Por la tarde regreso a la «realidad», a mi trabajo, a los ensayos de Guerrilla. Porque es que además nos pagan. 200 euros a cada figurante. Somos unos ochenta, así que son 16.000 euros que se gasta el festival sólo en figurantes. Es un festival de clase A. Muy bien organizado, y con dinero. Un lujo. Hablo con varias de las participantes. Verena es una directora de teatro que se sumó porque tenía ganas de actuar. Clara, de madre madrileña y padre austríaco, es una violinista que se apuntó por vivir la energía del escenario. A Teresa, padre valenciano y madre austríaca, le encantan las rave. Poder estar 35 minutos dando botes en un escenario la excita. Y sí, la escena electrónica es algo increíble. Somos 80 personas sudando, hipnotizados. Nos dan tapones para los oídos. No nos dan alcohol. Ni drogas. Empieza el baile. A los cinco minutos la música deja de sonar. El suelo tiembla demasiado. Hay peligro de que se hunda por la presión. Llaman al técnico. Habrá que reforzar el suelo del escenario. Suspendido el ensayo hasta mañana.

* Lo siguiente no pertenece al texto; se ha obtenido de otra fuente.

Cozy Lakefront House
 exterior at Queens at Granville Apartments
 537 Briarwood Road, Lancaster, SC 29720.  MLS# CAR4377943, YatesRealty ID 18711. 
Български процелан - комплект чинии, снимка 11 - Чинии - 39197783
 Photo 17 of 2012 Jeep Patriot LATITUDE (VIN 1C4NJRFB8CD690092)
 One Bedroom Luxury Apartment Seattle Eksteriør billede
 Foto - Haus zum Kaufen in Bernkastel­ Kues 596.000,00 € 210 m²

Al día siguiente visito el Museo de la Vida cotidiana. En otras partes se llama Museo de la Ciudad o Museo de Historia, pero aquí en Graz se pusieron creativos. Es un museo honesto que documenta la vida de las clases populares de la región de Styria. Un museo en el que, por ejemplo, instalaron piedra por piedra una vieja casa de campo del siglo XIX. Un museo que atesora relojes de pulsera, cubertería, ropa de otra época, de cualquier época. Los objetos no se acumulan por esa idea hipster de lo vintage. No. Están ahí porque nos cuentan cosas sobre la vida de la gente. La idea es que es el sentido de los objetos los que los hace valiosos. Si de un objeto no supiéramos su utilidad, entonces ese objeto habría perdido su lenguaje, sería mudo. «Un árbol sin raíces no puede crecer», me dice Eva Kreissl, una de las responsables del espacio.

Es hora de regresar al Orpheum, la sala de fiestas convertida en teatro para acoger esta nueva versión de Guerrilla. Saludo a mis compañeros de elenco. Siento la excitación del estreno. Acostumbrado a ver los toros desde la barrera, este cambio de posición me hace pensar sobre mis propias actitudes como director de escena. Aquí se trata de estar atento y seguir las instrucciones. Se trata de salir y divertirse. ¿Quién dijo miedo?